▶ **TASK TO CARRY OUT**:
Begin at the line that has "Yamaha TMAX 560", stop after the line that has "Frontansicht Straße.png", and print exactly those lines from the records below, without any pictures.

▶ **TASK DATA**:
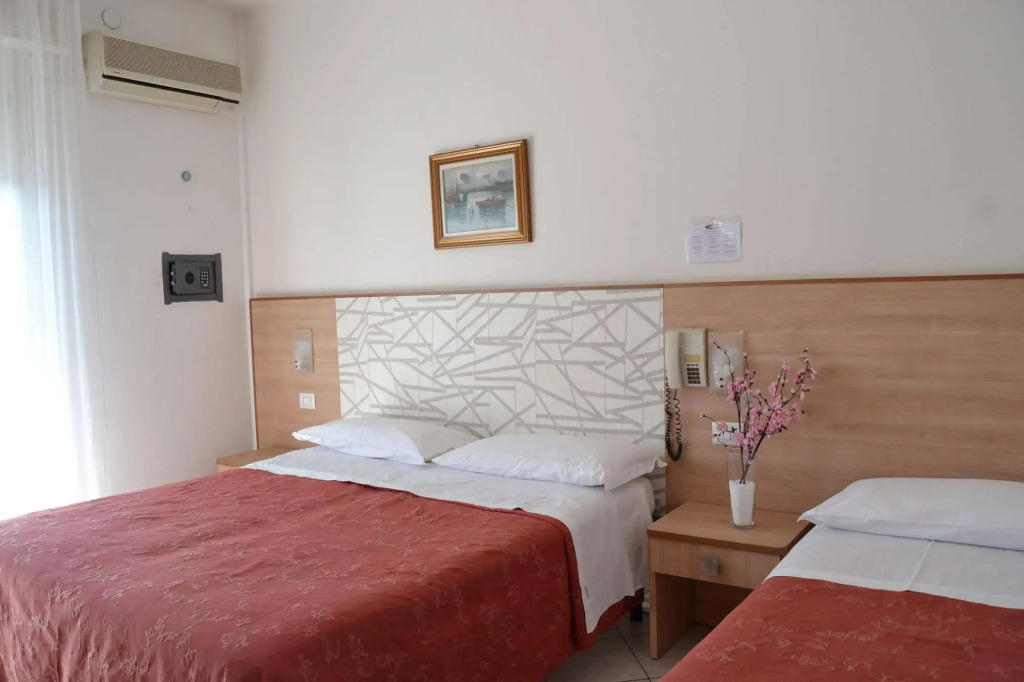 Hotel Zenith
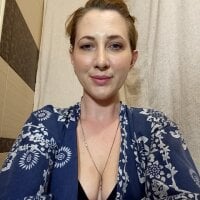 Naomi_Tess' Offline Chat Room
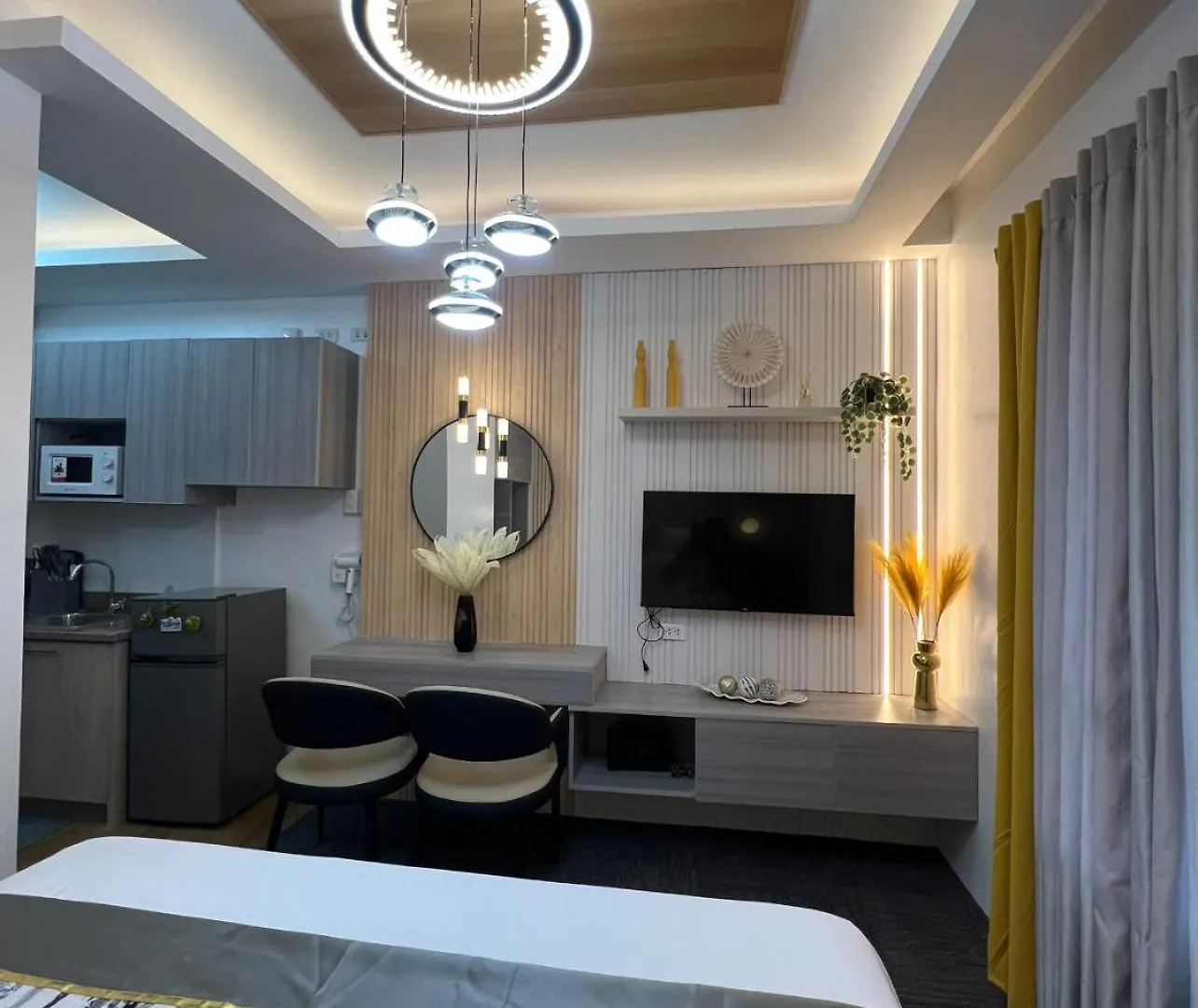 Mesatierra Condotel By Rinann'S Staycation Davao 0*,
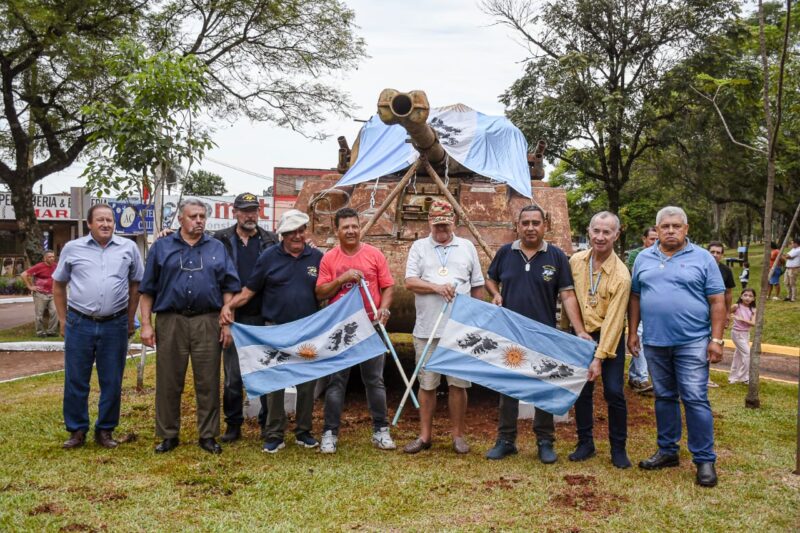 San Vicente: “La instalación del tanque es un homenaje a la memoria de Malvinas” WhatsApp Image 2025 03 31 at 09.12.11 - 3
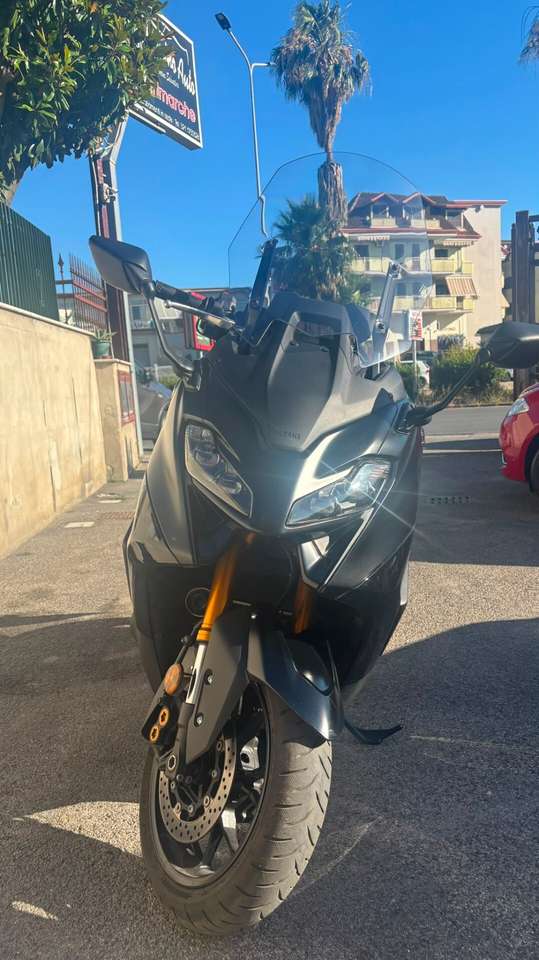 Yamaha TMAX 560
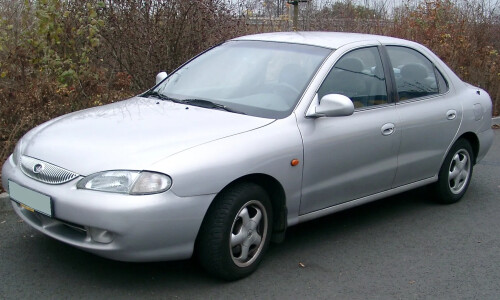 Hyundai Lantra #2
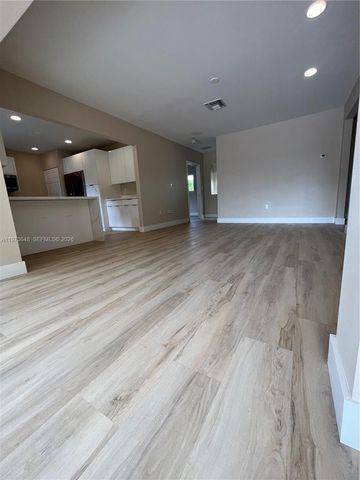 550 NE 174th St, North Miami Beach, FL 33162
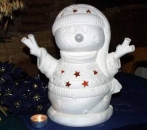 Schneemann-Windlicht mit Teelicht-Basis - 29,5 cm hoch - Schrühware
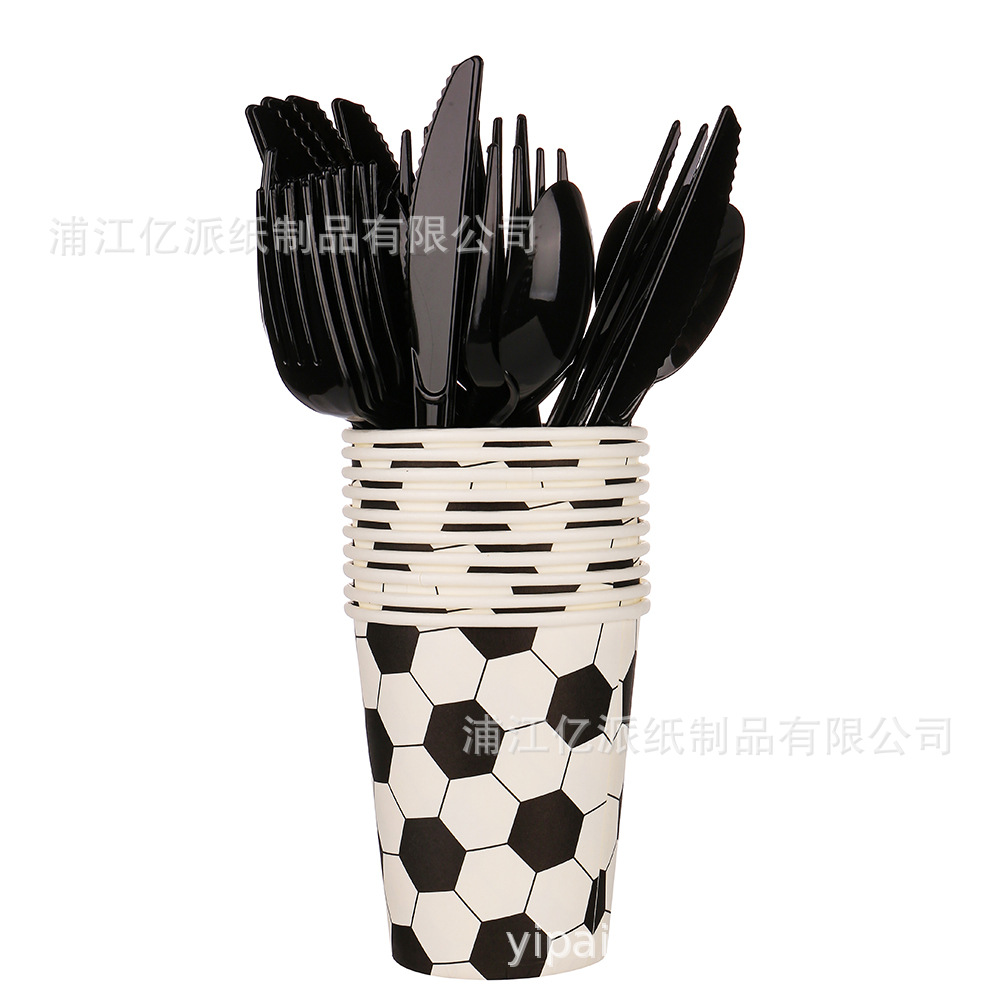 Nuevos suministros para fiestas de fútbol blanco, arreglos para fiestas de cumpleaños para niños, vajillas desechables, bandejas de papel, vasos de papel, manteles de toallas de papel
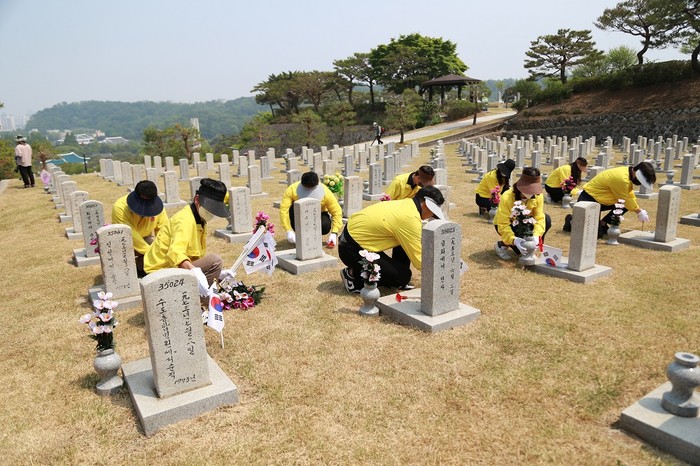 지난 5월 아성다이소 임직원들이 국립서울현충원에서 묘역정화활동을 진행했다. (사진=아성다이소)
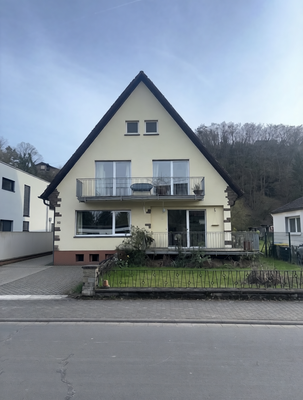 Frontansicht Straße.png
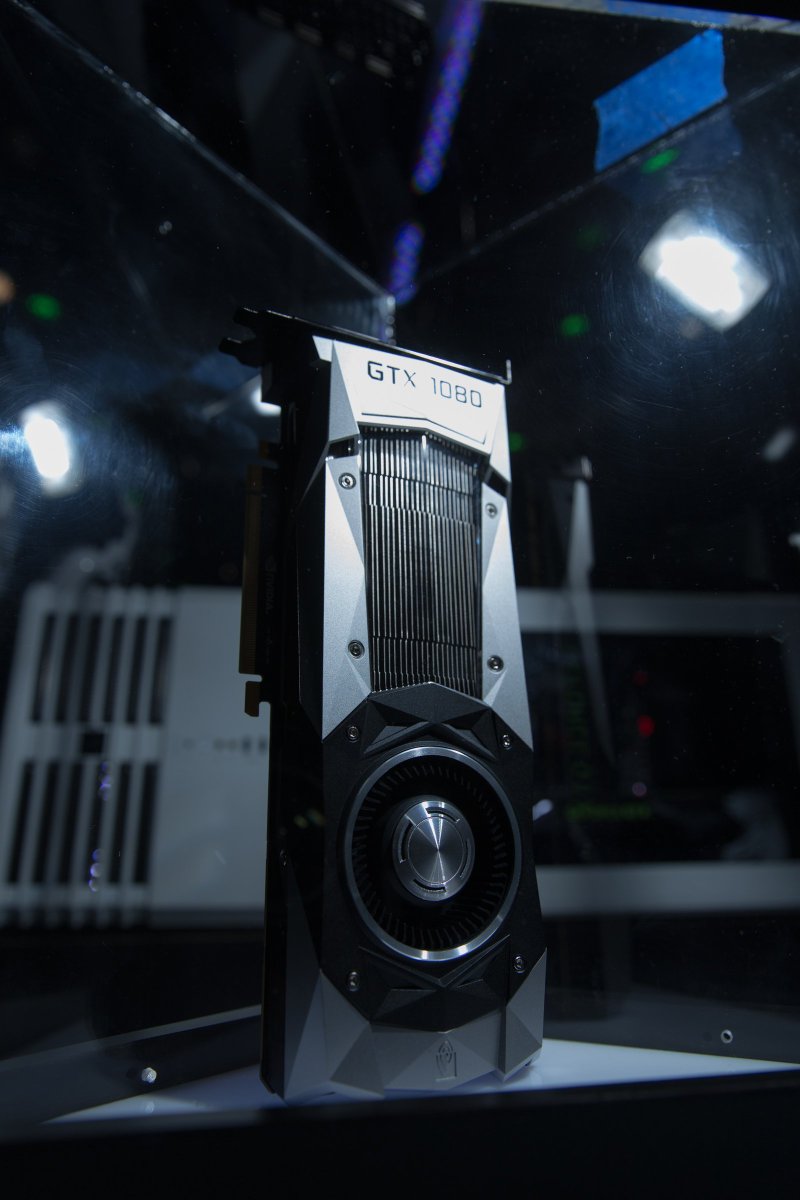 NVIDIAGeForce's tweet photo. Hail to the king, baby. The GeForce GTX 1080. The world's most advanced GPU. #GameReady https://t.co/EYOKMc0sUu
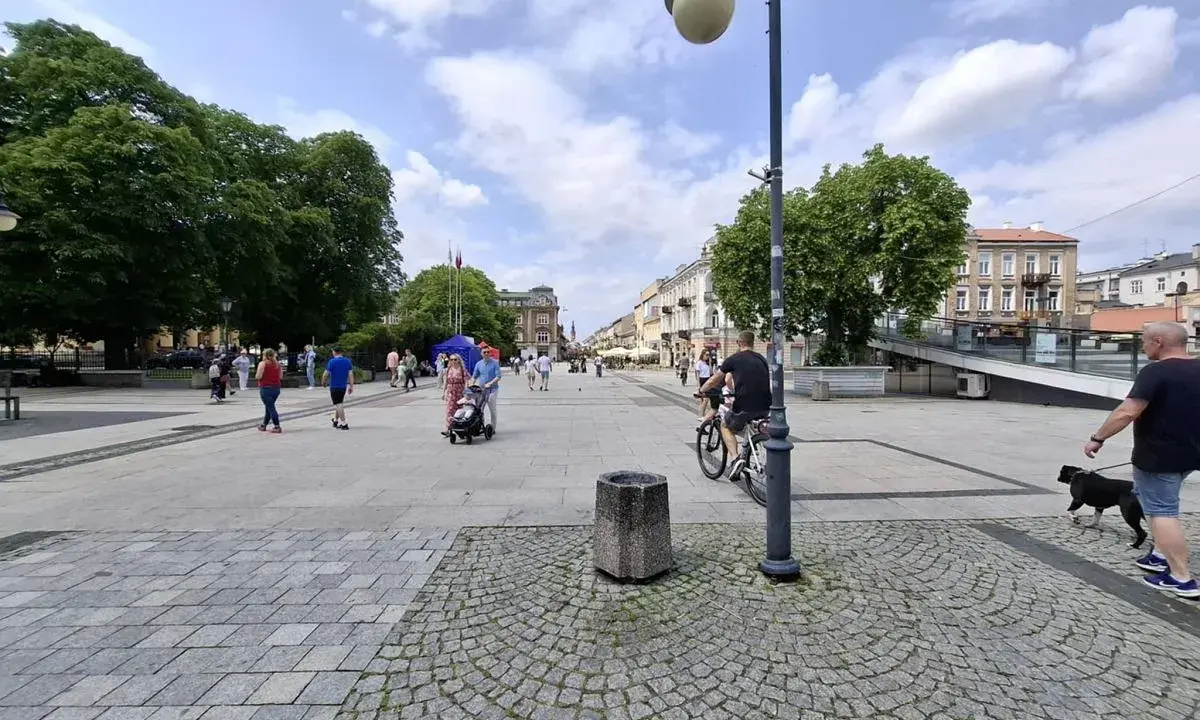 Spacer po centrum Radomia, gdzie widać ludzi spacerujących, jeżdżących na rowerze i z psem. Ile ludzi mieszka w Radomiu? Tyle, ilu widać na tym zdjęciu i znacznie więcej!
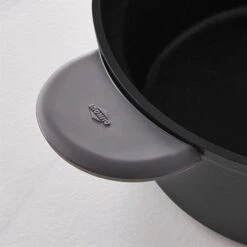 Meilleures ventes -Cuisine À Domicile 209010 1 2 Lot cocotte legere ronde en fonte d aluminium 20 cm coloris noir et deux maniques silicone Mathon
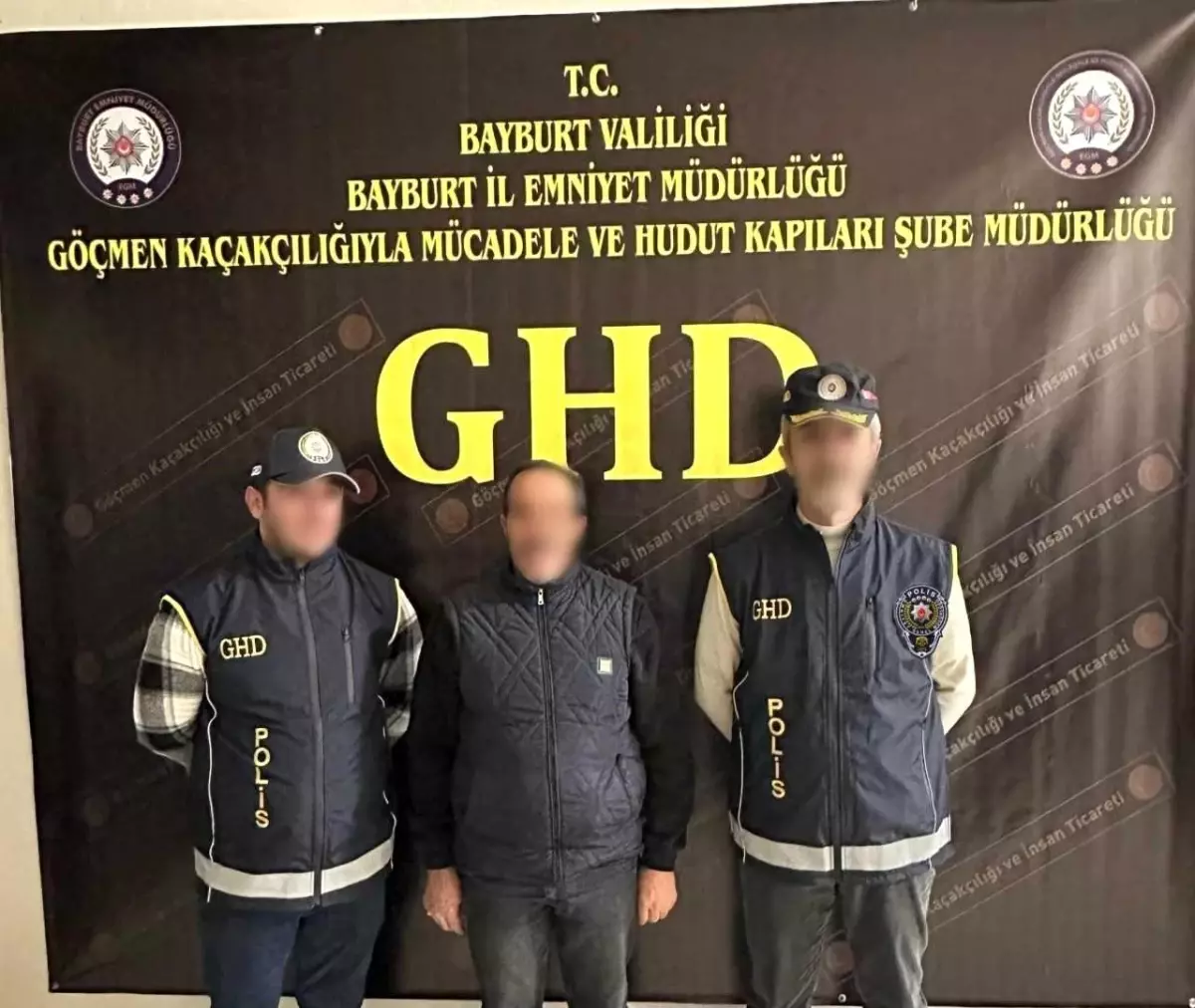 Bayburt'ta 2 düzensiz göçmen ile 1 göçmen kaçakçısı yakalandı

▶ **PROBLEM SOLUTION**:
 Yamaha TMAX 560
 Hyundai Lantra #2
 550 NE 174th St, North Miami Beach, FL 33162
 Schneemann-Windlicht mit Teelicht-Basis - 29,5 cm hoch - Schrühware
 Nuevos suministros para fiestas de fútbol blanco, arreglos para fiestas de cumpleaños para niños, vajillas desechables, bandejas de papel, vasos de papel, manteles de toallas de papel
 지난 5월 아성다이소 임직원들이 국립서울현충원에서 묘역정화활동을 진행했다. (사진=아성다이소)
 Frontansicht Straße.png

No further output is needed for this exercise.